Setting up Automated Email Campaigns:
There are two ways to set up Automated Email Campaigns.
Let’s look at the Traditional Drip Campaign first.
This example is for Donors in the Campaign Foundry Version of Business OneTouch.
The front shows the campaign is active- just pick your date and time for the campaign to run.
Under start type you can either have it run on a particular day or date, in this case, we chose Product Purchase.
When someone donates money or purchases a product, that sets off the email campaign.
When you move to the emails tab, you will see your emails set up to run.
In a traditional Drip Campaign the initial email is set off by an action (donation or product purchase), and then you choose the number of days after that action to follow up with an email.
In this example the email goes out immediately, so we choose 0 days after start.
The Distribution list chooses who the email goes to.
There is also an email templates laying out the actual email the user will see when the information from the database is added to personalize it.
Once past the first email, we can follow up with another email and then a third some time after that.
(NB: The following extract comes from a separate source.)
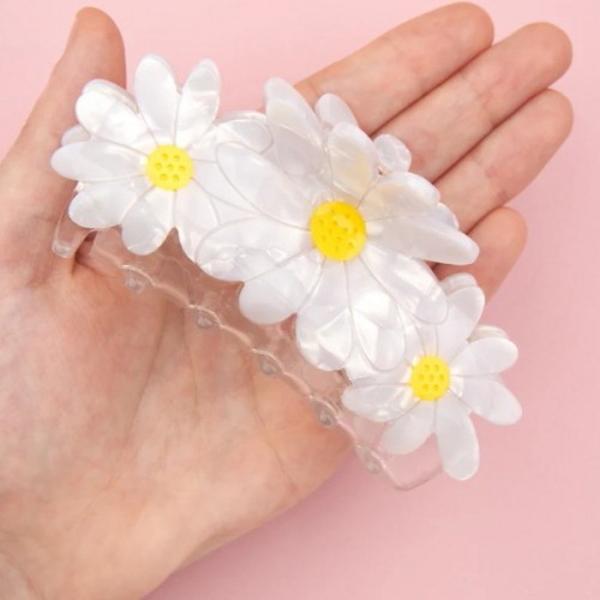 ククシュゼット 正規商品 ヘアアクセ かわいい 花 ギフト  Coucou Suzette  特大 デイジー ヘア クロー 3連 花3つ 3Big Daisy Hair Claw ホワイト White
In this example, we sent out an ebook after the first action and then sent follow up emails asking questions like:
Did you receive the ebook?
Have you had a chance to look at it?
Would you like to donate more money to the candidate?
Would you like to know more about other issues in the candidate’s platform?
Next, let’s look another type of campaign.
In this case it’s a volunteer set up.
This doesn’t fit into the Traditional Drip Campaign because in this case, someone has signed up to volunteer on a particular day.
So, the initial email goes out as soon as they sign up.
After that, we don’t want emails to go out based on when they signed up, but based on when they signed up to volunteer.
So an email can be set up to go out a week before their volunteer day as a reminder.
Then another email can go out on the morning of their volunteer day as a reminder and including tips for them as they volunteer.
There are multiple ways to run these campaigns, and they can be personalized based on the actual user’s take.
For example, if we tag them as someone who has signed up from the Dallas area, we can then follow up only with people from Dallas who read the email, who didn’t read the email, etc.
You can make these emails contingent both on things like day or date, on what type of donation that they gave, on how they volunteered, or even based on whether they didn’t read the original email (that subject line may not have made sense to them or it may not have been interesting to them).